Unlimited Bandwidth Hosting
Last Updated on Saturday, 26 December 2009 05:24 Written by Editor Saturday, 26 December 2009 05:08
The term Unlimited Bandwidth has been the topic of many heated discussions between web hosting “experts”, sales people, and web hosting beginners. Almost all web hosting companies offer unlimited bandwidth hosting, so what is it that makes this debatable?
Bandwidth you say?
What does actually bandwidth mean? It is the a term typically used to describe the amount of information (or data) that your web site sends to your visitors over a spesific amount of time, usually a month. Every time a vistor comes to your site, the web server sends the front page, with all the images and text, to the browser of the visitor. If you have two images that are each 0.05 mb, just there you have used 0.10 mb of bandwidth for that page view. Add up all the page views and you will have your bandwidth usage. Now, some web hosting companies offer unlimited bandwidth, but can they actually deliver unlimited?

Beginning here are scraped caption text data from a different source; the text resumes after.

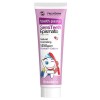 Frezyderm Sensiteeth Epismalto 1450Ppm Toothpaste 50 ml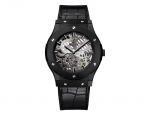 Hublot Classic Fusion Classico Ultra-Thin All Black 45.00 mm 515.CM.0140.LR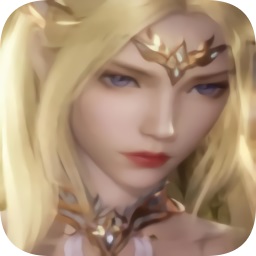 斗罗大陆千仞雪篇无闪退白屏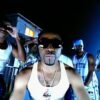 blackstreet-no-diggity-official-music-video-ft-dr-dre-queen-pen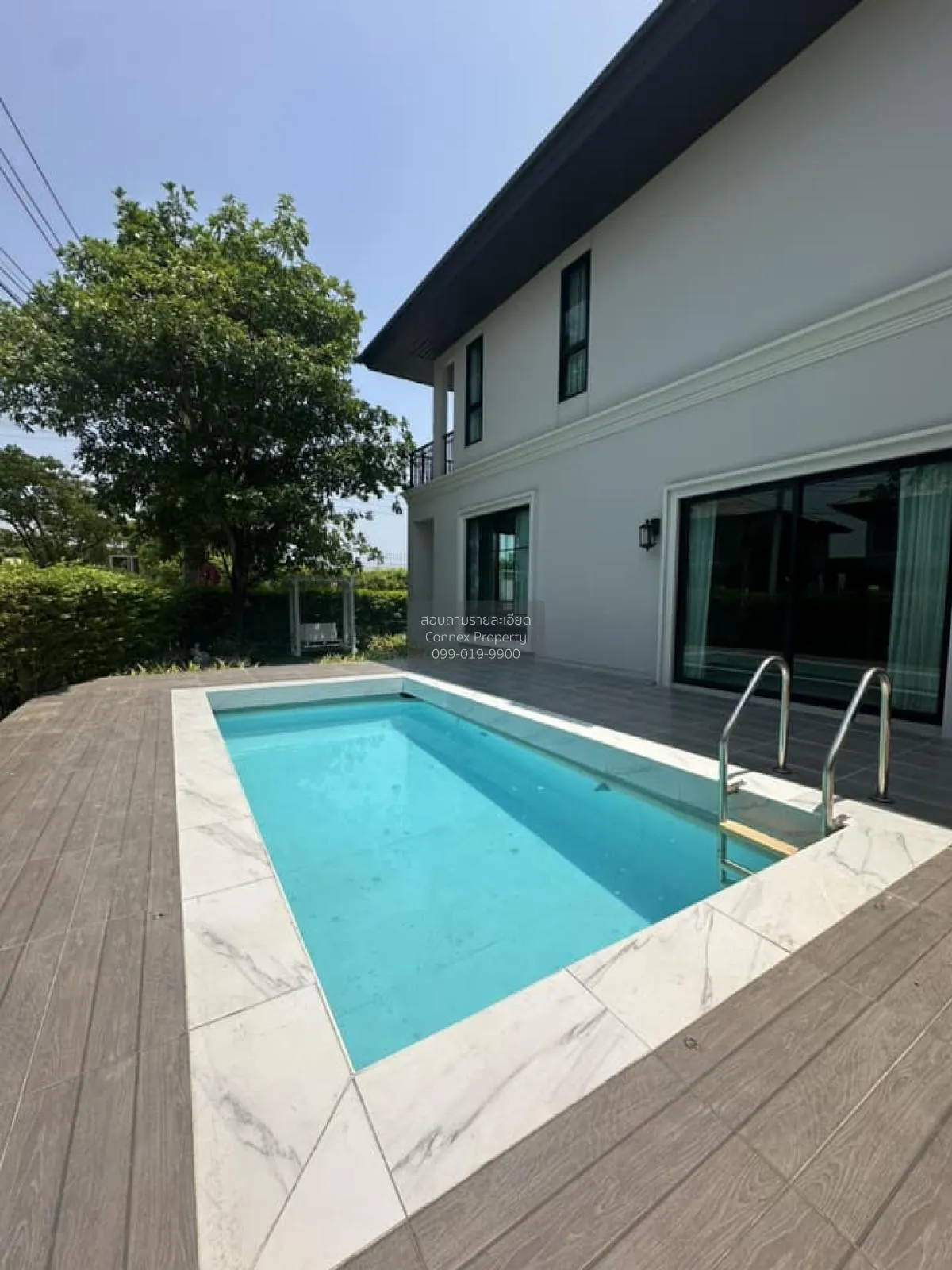 For Sale House , Setthasiri Pattanakarn , Prawet , Prawet , Bangk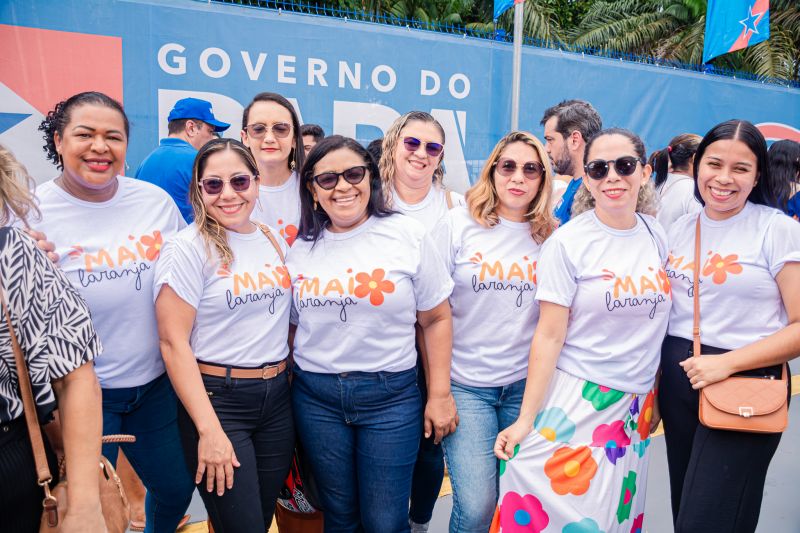  <div class='credito_fotos'>Foto: Karla Reis &nbsp;&nbsp;|&nbsp;&nbsp; <a href='/midias/2025/originais/9120_1f567224-7df6-1411-25af-d68249e42681.jpg' download><i class='fa-solid fa-download'></i> Download</a></div>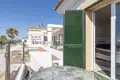 Apartamento 3 habitaciones 178 m² Španjolska, Španjolska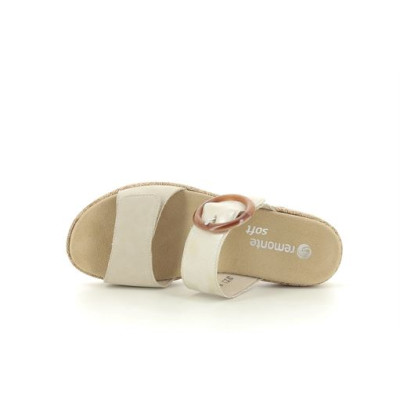 REMONTE R6858 Beige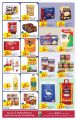 Carrefour Hypermarket Qatar Offers 2023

Unlimited, endless, unrestricted, bandwidth?
For starters, there is no such thing as “unlimited” bandwidth, strictly speaking. If there was, all web sites in the world could be run through the same internet backbone connection. Unlimited, in the most formal use of the word, means unlimited, endless, unrestricted, bandwidth.
Secondly, at what point does your bandwidth usage result in the server you are on being over loaded? Long before “unlimited”, that’s for sure. Think about it, if Google were to sign up for a $7.99 web hosting account, with unlimited bandwidth and storage, the web hosting company would have to shut down business the second Google went online on their server (if such a server were to exist).
Is it unethical?
So, the people discussing the use of the term Unlimited Bandwidth often argue that it is unethical to use a term they actually can’t deliver on. I disagree with this argument, as the term is not implied to be read literally.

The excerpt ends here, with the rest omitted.